**What you need to do**: Write out the stretch of lines below that begins at the line with "jelly breath strain feminized marijuana seeds" and ends at the line with "最前線の弾除け 的头像", including both, exactly as given and nothing more.

**Extracted information**:
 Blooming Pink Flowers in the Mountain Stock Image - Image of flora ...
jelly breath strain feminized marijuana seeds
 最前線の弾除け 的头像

--

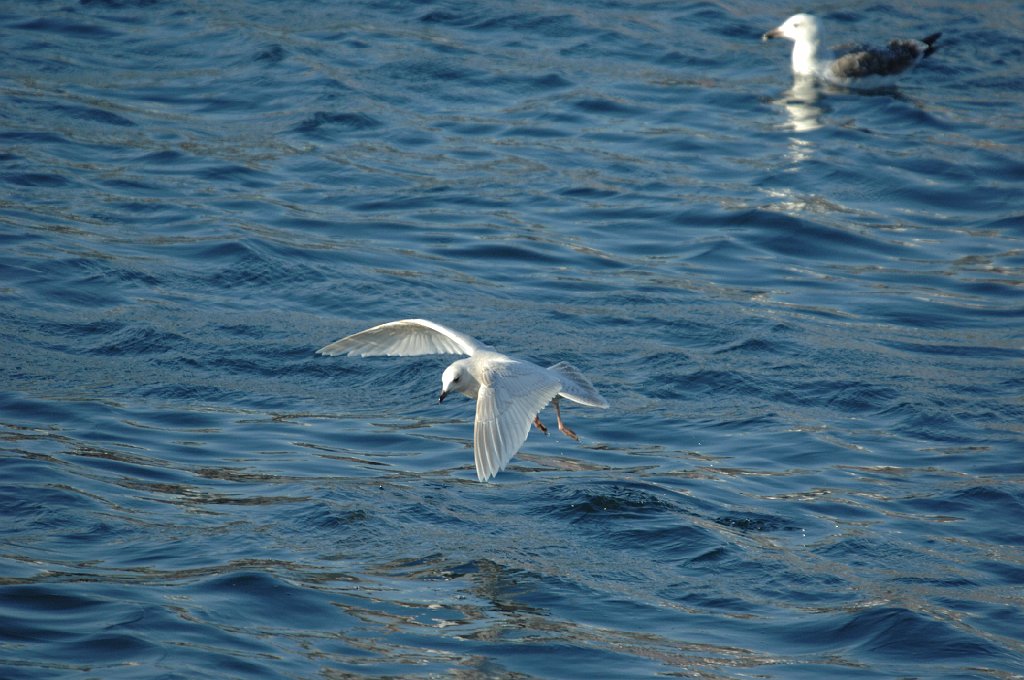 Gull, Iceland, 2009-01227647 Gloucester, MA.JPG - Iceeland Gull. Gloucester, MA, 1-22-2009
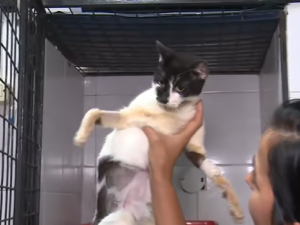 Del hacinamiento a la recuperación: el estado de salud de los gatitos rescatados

--

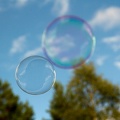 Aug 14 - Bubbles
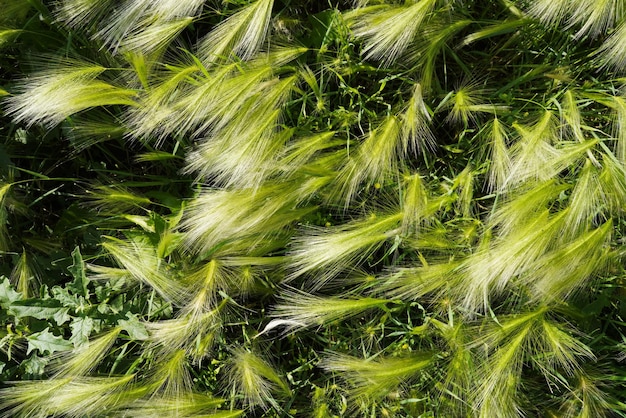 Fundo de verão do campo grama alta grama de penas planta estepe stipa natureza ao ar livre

**Finished exercise**:
jelly breath strain feminized marijuana seeds
 最前線の弾除け 的头像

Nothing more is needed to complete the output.